In 2014, Edward Doe Adjaho, then Speaker of Parliament declined to be sworn in to act as President when President John Mahama and his vice Kwesi Bekoe Amissah-Arthur travelled outside the country.
The Supreme Court, however, in a unanimous decision, in 2015 declared the action of the Mr. Doe Adjaho as a violation of article 60 (11)-(12) of the 1992 Constitution when he declined to be sworn in.
The nine-member panel, presided over by Mrs Justice Sophia Akuffo, also averred that the “Speaker of Parliament shall always, before assuming the functions of the Office of President when the President and the Vice-President are unable to perform their functions, take and subscribe to the oath set out in relation to the Office of President.”
The position taken by the Supreme Court, according to Mr. Fuseini, is flawed thus the Minority’s resolve to challenge it.

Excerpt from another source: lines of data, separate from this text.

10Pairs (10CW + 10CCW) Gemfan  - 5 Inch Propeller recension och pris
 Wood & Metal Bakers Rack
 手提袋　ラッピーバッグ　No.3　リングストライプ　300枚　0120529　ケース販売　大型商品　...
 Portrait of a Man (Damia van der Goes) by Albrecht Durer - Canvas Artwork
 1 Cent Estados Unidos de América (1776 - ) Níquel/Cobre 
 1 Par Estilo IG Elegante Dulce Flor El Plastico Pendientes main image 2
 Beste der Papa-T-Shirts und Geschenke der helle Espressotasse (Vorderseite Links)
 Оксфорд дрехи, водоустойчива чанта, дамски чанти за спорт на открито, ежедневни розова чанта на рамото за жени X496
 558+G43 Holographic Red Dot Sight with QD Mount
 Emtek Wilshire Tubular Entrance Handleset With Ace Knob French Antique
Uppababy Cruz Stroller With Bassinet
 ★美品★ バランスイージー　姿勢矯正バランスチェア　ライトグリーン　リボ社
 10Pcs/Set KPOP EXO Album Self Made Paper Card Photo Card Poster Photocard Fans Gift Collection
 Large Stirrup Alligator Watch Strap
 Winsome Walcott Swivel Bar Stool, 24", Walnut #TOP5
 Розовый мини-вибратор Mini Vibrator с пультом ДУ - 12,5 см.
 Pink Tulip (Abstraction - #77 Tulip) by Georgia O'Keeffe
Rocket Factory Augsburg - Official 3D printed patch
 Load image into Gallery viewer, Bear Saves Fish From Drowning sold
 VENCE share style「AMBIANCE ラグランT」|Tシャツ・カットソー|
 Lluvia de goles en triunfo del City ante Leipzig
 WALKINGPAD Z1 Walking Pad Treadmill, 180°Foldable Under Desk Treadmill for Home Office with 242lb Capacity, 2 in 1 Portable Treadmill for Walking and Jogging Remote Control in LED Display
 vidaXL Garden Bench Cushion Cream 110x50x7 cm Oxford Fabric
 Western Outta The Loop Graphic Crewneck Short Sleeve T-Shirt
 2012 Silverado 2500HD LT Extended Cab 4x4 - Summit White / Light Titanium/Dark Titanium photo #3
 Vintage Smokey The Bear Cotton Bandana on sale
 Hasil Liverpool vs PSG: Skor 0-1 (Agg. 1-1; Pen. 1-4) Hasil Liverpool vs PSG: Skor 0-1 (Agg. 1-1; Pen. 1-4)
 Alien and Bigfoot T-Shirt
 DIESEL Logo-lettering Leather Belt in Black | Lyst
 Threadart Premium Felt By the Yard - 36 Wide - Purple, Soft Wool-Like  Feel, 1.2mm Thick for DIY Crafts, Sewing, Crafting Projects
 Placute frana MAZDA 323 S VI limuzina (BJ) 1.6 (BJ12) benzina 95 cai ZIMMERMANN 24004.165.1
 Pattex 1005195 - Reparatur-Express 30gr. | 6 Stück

“I think that we must have a definite pronouncement on this matter because it will become an embarrassment,” he told Alhassan explaining that “because now that the Vice President is not available and nobody knows when the Vice President will come and the President will continue to perform the functions of the office of the President, within territory and outside territory you can be sure that we will continuously be called back to this house to swear in the [Speaker].”
“The Minority is prepared to take the matter up for a definite pronouncement because there is no alternative President in this country,” he maintained.
Speaker of Parliament, Mike Ocquaye is expected to be sworn in as acting President tomorrow (Saturday) as President Akufo-Addo leaves for this weekend’s AU Summit in Ethiopia while vice President Mahamadu Bawumia continues his sick leave.